The structure conversion routine of HQS Molecules makes use of the open-source cheminformatics software RDKit, whose source code is available on GitHub. Given the SMILES string or Molfile, an RDKit molecule object is created and hydrogen atoms are added explicitly if needed. Assuming a valid SMILES string is provided in the variable smiles, the most basic steps are shown in the following code snipped:

from rdkit.Chem import AllChem

mol = AllChem.MolFromSmiles(smiles)
molH = AllChem.AddHs(mol)

status = AllChem.EmbedMolecule(molH)

As can be seen in the code above, in a first step a molecule object is created (MolFromSmiles function), which contains 2D information about the molecule, such as the connectivity. Since most hydrogen atoms are implicit in skeletal formulas and not included in the 2D structure, but are indispensable for a 3D representation of the molecule, they need to be added in a second step (AddHs function). However, the central function for generating 3D structures is the EmbedMolecule, which returns 0 if the structure was generated successfully, and -1 otherwise. This function computes a "3D embedding" based on variants of a stochastic approach referred to as distance geometry (DG). DG differs from standard Monte Carlo or molecular dynamics techniques in that it directly generates structures to satisfy the geometric constraints of the model instead of searching (almost) the entire conformational space to find appropriate structures. As such, it can rapidly find one or more possible solutions but shares with other random methods the inability to guarantee finding all of them.

Metric Matrix Method

Distance geometry (DG) approach described above is based on the assumption that purely geometric constraints can describe all possible conformations of a molecule, for which upper and lower distance bounds for all pairs of atoms are determined and represented in a distance bounds matrix. However, the key element of the DG technique is the metric matrix, \(\mathbf{G}\), whose elements \(g_{ij}\) can be calculated from the vector product of the coordinates of atoms \(i\) and \(j\), \[ \mathbf{G} = \mathbf{XX}^\text{T} , \] where \(\mathbf{X}\) is a matrix containing the Cartesian coordinates of the atoms. \(\mathbf{G}\) is a square symmetric matrix, and as such it can be decomposed as \[ \mathbf{G} = \mathbf{VL}^2\mathbf{V}^\text{T} , \] where the elements of the diagonal matrix \(\mathbf{L}^2\) are the eigenvalues and the columns of \(\mathbf{V}\) are the eigenvectors of \(\mathbf{G}\). From the last two equations and the fact that \(\mathbf{L}\) has only diagonal entries it can be seen that \[ \mathbf{X} = \mathbf{VL} . \] This means that the Cartesian coordinates \(\mathbf{X}\) can be regenerated by multiplying the square root \(\mathbf{L}\) of the eigenvalues of \(\mathbf{G}\) with the eigenvectors \(\mathbf{V}\). It has thus been shown that it is possible to convert three-dimensional atomic coordinates to the metric matrix \(\mathbf{G}\) and then regenerate them from it.

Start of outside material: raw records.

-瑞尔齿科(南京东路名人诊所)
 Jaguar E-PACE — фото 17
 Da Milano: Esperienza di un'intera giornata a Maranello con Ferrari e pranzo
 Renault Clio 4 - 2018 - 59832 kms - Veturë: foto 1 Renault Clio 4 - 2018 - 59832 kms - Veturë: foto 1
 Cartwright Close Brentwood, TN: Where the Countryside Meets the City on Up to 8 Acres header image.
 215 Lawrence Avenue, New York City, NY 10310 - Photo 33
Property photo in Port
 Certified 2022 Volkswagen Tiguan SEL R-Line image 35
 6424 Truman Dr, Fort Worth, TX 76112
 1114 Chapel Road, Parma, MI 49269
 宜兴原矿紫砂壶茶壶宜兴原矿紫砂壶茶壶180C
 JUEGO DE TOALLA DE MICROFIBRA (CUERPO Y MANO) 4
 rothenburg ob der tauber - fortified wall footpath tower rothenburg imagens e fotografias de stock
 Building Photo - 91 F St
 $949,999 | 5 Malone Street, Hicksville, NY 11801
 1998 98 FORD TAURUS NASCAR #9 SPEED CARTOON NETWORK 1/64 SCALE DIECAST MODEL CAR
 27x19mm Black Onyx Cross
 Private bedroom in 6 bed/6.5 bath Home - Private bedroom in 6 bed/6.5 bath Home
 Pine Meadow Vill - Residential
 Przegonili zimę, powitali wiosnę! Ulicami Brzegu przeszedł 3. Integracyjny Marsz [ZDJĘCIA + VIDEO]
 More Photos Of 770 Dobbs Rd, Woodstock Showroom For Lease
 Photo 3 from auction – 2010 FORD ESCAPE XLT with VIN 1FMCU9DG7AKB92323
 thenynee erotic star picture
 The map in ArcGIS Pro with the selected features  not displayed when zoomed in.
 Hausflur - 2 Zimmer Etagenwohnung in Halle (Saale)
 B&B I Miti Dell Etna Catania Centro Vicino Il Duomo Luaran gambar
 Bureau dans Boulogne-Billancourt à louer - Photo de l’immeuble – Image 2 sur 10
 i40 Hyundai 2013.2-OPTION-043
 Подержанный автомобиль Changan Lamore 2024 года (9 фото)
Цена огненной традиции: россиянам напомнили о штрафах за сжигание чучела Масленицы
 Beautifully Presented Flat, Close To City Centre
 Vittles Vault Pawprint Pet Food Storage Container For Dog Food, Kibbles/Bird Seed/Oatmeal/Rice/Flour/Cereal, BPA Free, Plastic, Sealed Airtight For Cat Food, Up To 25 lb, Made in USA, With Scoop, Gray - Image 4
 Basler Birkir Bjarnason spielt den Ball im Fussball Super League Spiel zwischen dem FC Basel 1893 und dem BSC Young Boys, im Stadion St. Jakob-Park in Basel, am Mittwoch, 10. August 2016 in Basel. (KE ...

A crucial aspect in DG is that \(\mathbf{G}\) can also be derived directly from the distance matrix, \(\mathbf{D}\), in which each component \(d_{ij}\) is the distance between atoms \(i\) and \(j\). To this end, \(\mathbf{D}\) is first converted to \(\mathbf{D}_o\), where each element \(d_{io}\) is the distance between atom \( i \) and the center of mass \(o\), \[ d_{io}^2 = \frac1N \sum_{j=1}^{N} d_{ij}^2 - \frac{1}{N^2} \sum_{j=2}^{N} \sum_{k=1}^{j-1} d_{jk}^2 , \] where \(N\) is the number of atoms. \(\mathbf{G}\) can then be calculated using the cosine rule, \( g_{ij} = ( d_{io}^2 + d_{jo}^2 - d_{ij}^2 ) / 2 \), and as seen before, the Cartesian coordinates \(\mathbf{X}\) can be obtained from \(\mathbf{G}\).

Distance Bounds Matrix

Therefore, in order to get conformations of a molecule, it is necessary to provide a distance matrix, \(\mathbf{D}\). Its components can be derived from the distance bounds matrix, which, as stated previously, contains upper and lower distance bounds for all pairs of atoms in a given molecule, determining the geometric constraints of the DG technique. But how can one define those bounds?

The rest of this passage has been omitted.